### ACTION ITEM
Return each line of the listing exactly, though without its images.

** DATA BELOW follows **

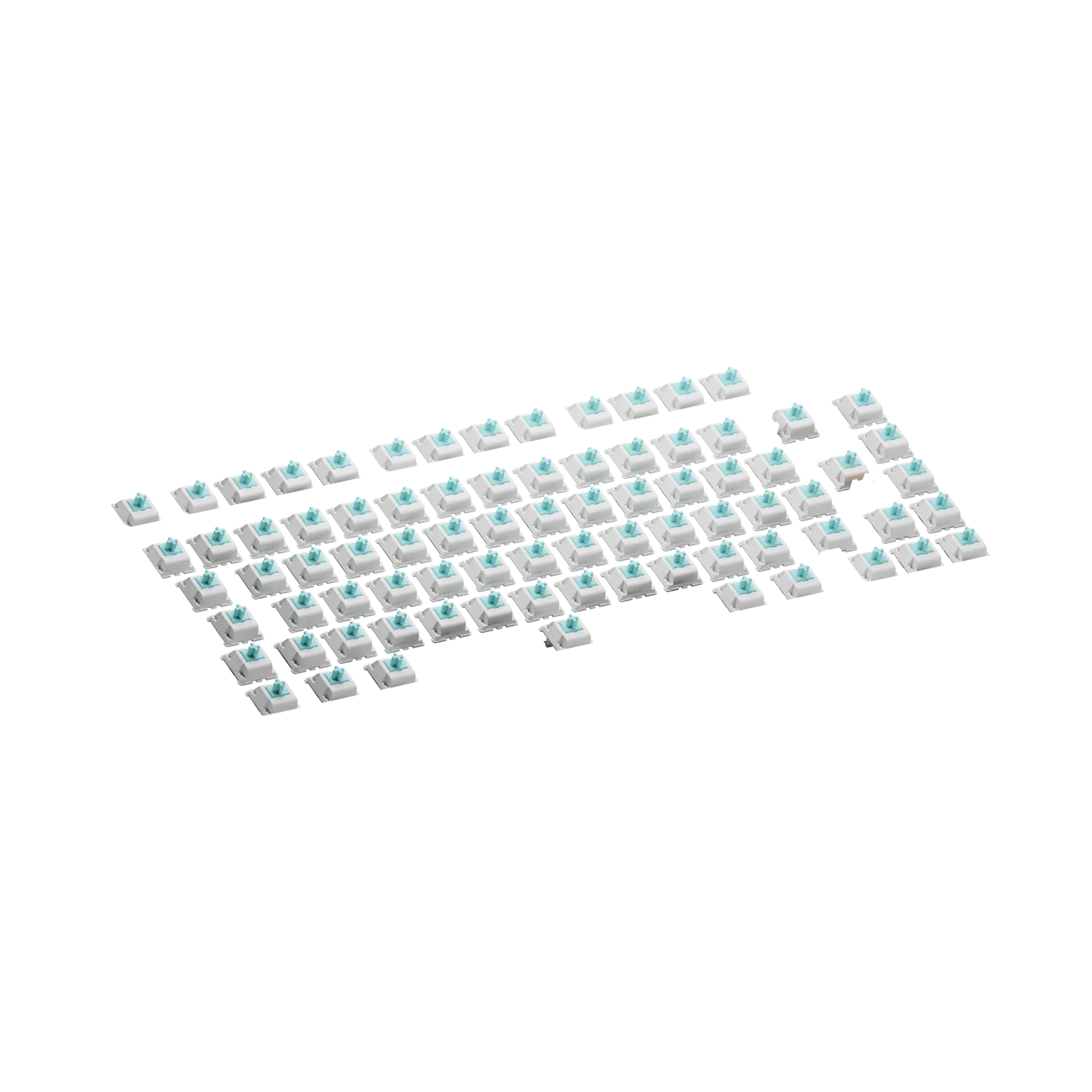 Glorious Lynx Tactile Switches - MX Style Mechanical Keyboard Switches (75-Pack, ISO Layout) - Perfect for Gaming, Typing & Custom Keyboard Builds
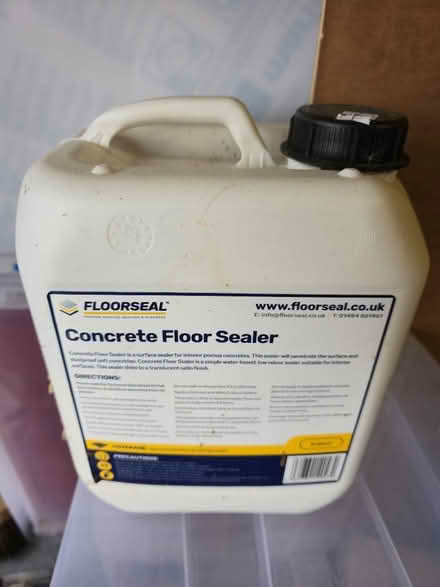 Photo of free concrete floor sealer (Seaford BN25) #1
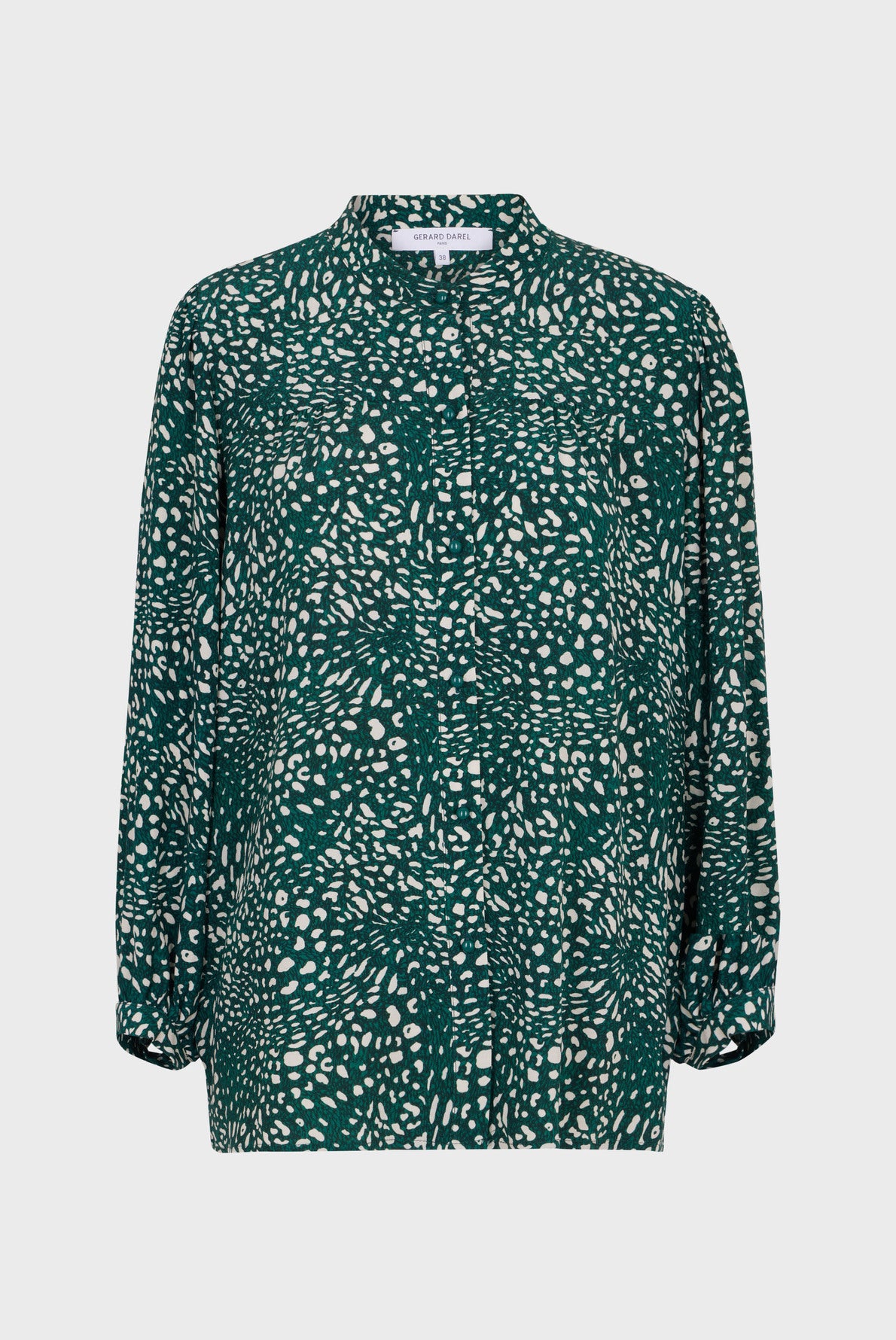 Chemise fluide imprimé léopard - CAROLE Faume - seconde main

** End of DATA BELOW **

### RESULT
 Glorious Lynx Tactile Switches - MX Style Mechanical Keyboard Switches (75-Pack, ISO Layout) - Perfect for Gaming, Typing & Custom Keyboard Builds
 Photo of free concrete floor sealer (Seaford BN25) #1
 Chemise fluide imprimé léopard - CAROLE Faume - seconde main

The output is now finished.